= West Michigan Center for Art and Technology =

Education and training facility in Grand Rapids, Michigan

The West Michigan Center for Arts and Technology (WMCAT) is a not-for-profit education and training facility in downtown Grand Rapids, Michigan. WMCAT opened in 2005 with 8,477 sq. ft. (since expanded to 12,414 sq. ft.) of renovated former Jacobson's department store space earning a Leadership in Energy and Environmental Design certification and winning an American Institute of Architects Award in 2006. It is modeled after Bill Strickland's Manchester Craftsmen’s Guild and Bidwell Training Center in Pittsburgh, PA. It is also inspired by the Cincinnati Arts and Technology Center (CATC) Its first graduating class in 2009 had an 85 percent high-school graduation rate among its students, 9 percent higher than the composite average of the four participating local schools.

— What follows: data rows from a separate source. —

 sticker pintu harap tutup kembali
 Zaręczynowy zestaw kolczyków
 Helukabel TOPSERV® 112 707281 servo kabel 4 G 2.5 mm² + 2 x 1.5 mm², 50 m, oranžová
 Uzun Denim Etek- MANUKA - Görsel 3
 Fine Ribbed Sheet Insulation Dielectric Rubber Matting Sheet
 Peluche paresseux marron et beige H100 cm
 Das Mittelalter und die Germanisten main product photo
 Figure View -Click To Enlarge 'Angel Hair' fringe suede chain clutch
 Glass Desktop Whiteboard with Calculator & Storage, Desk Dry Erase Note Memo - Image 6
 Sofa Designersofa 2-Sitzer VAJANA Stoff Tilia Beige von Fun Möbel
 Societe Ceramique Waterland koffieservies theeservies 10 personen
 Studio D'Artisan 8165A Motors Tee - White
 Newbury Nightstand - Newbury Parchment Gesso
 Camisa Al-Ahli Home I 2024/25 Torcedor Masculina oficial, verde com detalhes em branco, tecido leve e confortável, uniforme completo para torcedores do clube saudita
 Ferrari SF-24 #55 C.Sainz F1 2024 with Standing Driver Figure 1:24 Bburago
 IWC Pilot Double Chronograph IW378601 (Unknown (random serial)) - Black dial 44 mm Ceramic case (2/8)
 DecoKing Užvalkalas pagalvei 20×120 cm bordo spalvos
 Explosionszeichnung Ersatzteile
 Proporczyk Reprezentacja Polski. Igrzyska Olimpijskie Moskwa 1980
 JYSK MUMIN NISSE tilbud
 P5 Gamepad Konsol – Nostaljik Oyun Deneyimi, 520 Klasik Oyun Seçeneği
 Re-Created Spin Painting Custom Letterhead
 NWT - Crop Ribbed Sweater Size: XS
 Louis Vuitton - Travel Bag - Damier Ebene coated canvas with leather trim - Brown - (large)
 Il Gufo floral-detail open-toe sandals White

WMCAT annually recognizes local organizational examples of innovation, imagination and inspiration with its Wow! awards.

On the outside east wall of the WMCAT building is a large mosaic mural created by professional artist Tracy Van Duinen with help from a team of WMCAT teen apprentices. The piece won 2nd place in the 2011 ArtPrize public art competition for which Van Duinen was awarded $100,000 in prize money.